Modern critics have never known what to make of the Chorus; and this is the less to be wondered at, as Aristotle affords no satisfactory solution of the matter. Its office is better painted by Horace, who ascribes to it a general expression of moral sympathy, exhortation, instruction, and warning. But the critics in question have either believed that its chief object was to prevent the stage from ever being altogether empty, whereas in truth the stage was not at all the proper place for the Chorus; or else they have censured it as a superfluous and cumbersome appendage, expressing their astonishment at the alleged absurdity of carrying on secret transactions in the presence of assembled multitudes. They have also considered it as the principal reason with the Greek tragedians for the strict observance of the unity of place, as it could not be changed without the removal of the Chorus; an act, which could not have been done without some available pretext. Or lastly, they have believed that the Chorus owed its continuance from the first origin of Tragedy merely to accident; and as it is plain that in Euripides, the last of the three great tragic poets, the choral songs have frequently little or no connexion with the fable, and are nothing better than a mere episodical ornament, they therefore conclude that the Greeks had only to take one more step in the progress of dramatic art, to explode the Chorus altogether.
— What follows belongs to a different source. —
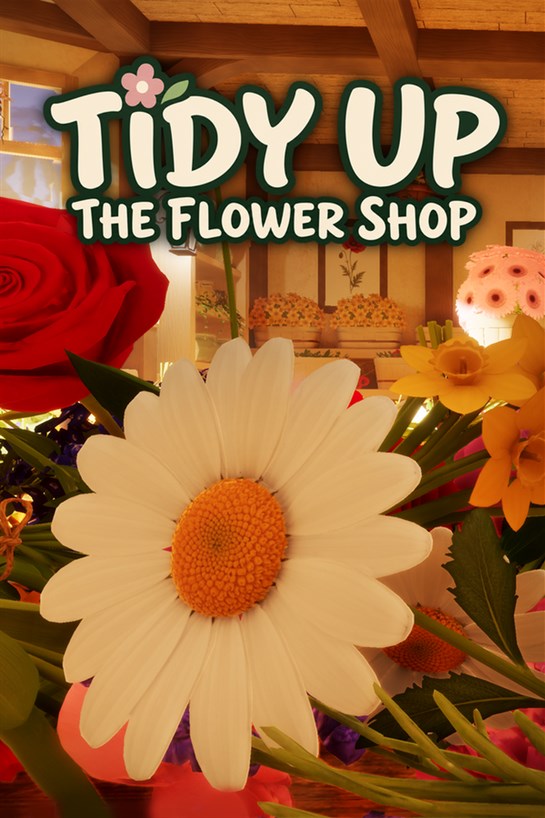 Boxaufnahme von Tidy Up the Flower Shop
To refute these superficial conjectures, it is only necessary to observe that Sophocles wrote a Treatise on the Chorus, in prose, in opposition to the principles of some other poets; and that, far from following blindly the practice which he found established, like an intelligent artist he was able to assign reasons for his own doings.
Modern poets of the first rank have often, since the revival of the study of the ancients, attempted to introduce the Chorus in their own pieces, for the most part without a correct, and always without a vivid idea of its real import. They seem to have forgotten that we have neither suitable singing or dancing, nor, as our theatres are constructed, any convenient place for it. On these accounts it is hardly likely to become naturalized with us.
The Greek tragedy, in its pure and unaltered state, will always for our theatres remain an exotic plant, which we can hardly hope to cultivate with any success, even in the hot-house of learned art and criticism. The Grecian mythology, which furnishes the materials of ancient tragedy, is as foreign to the minds and imaginations of most of the spectators, as its form and manner of representation. But to endeavour to force into that form materials of a wholly different nature, an historical one, for example, to assume that form, must always be a most unprofitable and hopeless attempt.